Whether there is a need to increase productivity, reduce costs or add product
variants, flexible part feeding systems are well suited to improve applications
that have complex parts and sustain frequent part changes. Applications include
small parts assembly (mechanical and electrical), material handling, and packaging.
Traditional Part Feeding Processes
Feeding parts into an assembly process is traditionally done using a
variety of methods. Some parts are presented scattered in multiple orientations
in boxes or in bins, and can be heavy or awkward to lift, position, and orientate
into a workcell. In other processes, parts are fed using feeders such as vibratory
bowl feeders, gravity fed part tubes, as stacked or fixtured material, by
being manually loaded onto kitted pallets, and by using dedicated tooling.
These methods can cause high costs, large floor space requirements, be unflexible,
and difficult to maintain. It can also be a challenge to ensure parts enter
the assembly process undamaged, in the correct orientation, and in the most
cost effective manner. The detailed and cumbersome processes used in these
traditional methods can cause extensive waste and prove inefficient over time.
In many traditional part feeding processes, manual operations are required
when feeding parts from one point to another. Many times these parts are difficult
to move by hand because of their size or shape. They can cause significant
downtime due to varying factors such as complex workcells, mistakes, or injuries.

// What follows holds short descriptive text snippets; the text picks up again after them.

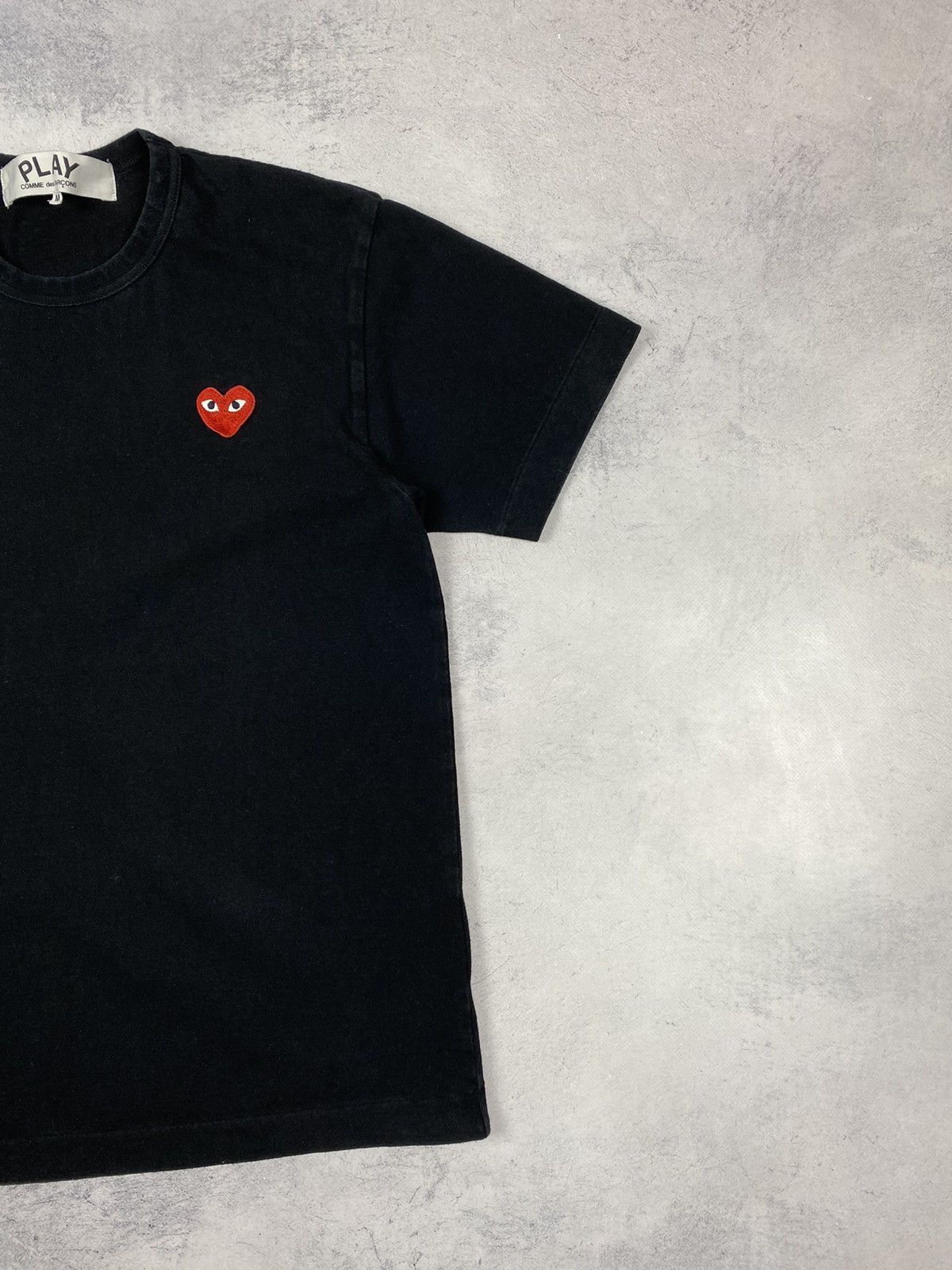 Comme des Garcons Comme Des Garcons T Shirt Size US M / EU 48-50 / 2 - 3 Thumbnail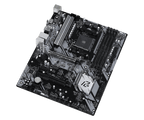 Tarjeta Madre AMD Asrock B550 Phantom Gaming 4 / AM4 AMD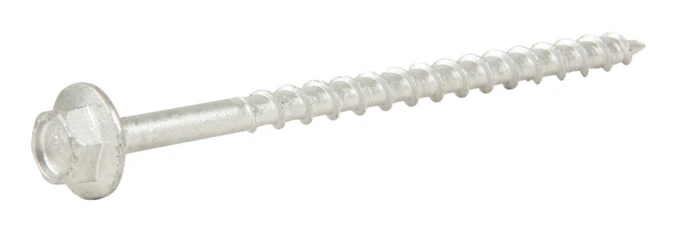 Träskruv KONSTRUKTION-HF CORRSEAL
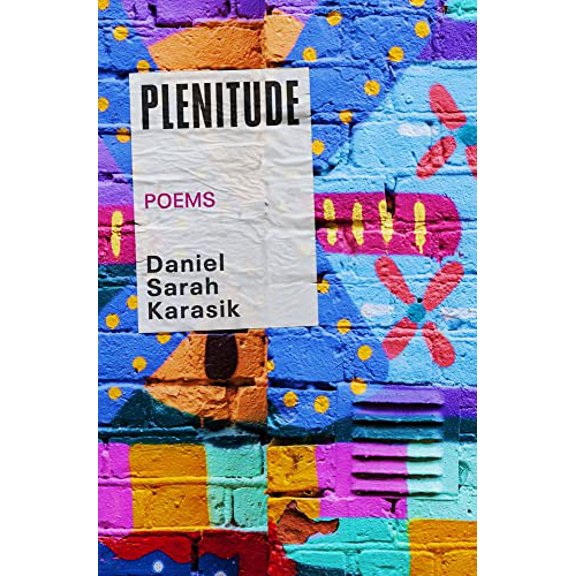 Pre-Owned Plenitude Paperback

Lower yields can occur due to human error in cases where the wrong parts are
placed into a station, which can lead to damaged tooling. The more parts are
handled and fixtured, the more chance there is to damage the part before the
assembly process. The labor to install, integrate and maintain dedicated tooling
can also be expensive.
Space is also limited in an assembly workcell, and consolidating the
number of assembly steps performed without altering workcell footprint can
be cost effective. For traditional part feeding processing, adding multiple
operations to one workcell can lead to costly tooling, and a complex and congested
assembly workspace. This can result in longer downtime and difficult repairs
if there are any issues. Quality suffers when it isn't easy to refine a process
or adjust parameters that cannot be discretely controlled. Flexible Part Feeding
solves these process issues effectively and efficiently.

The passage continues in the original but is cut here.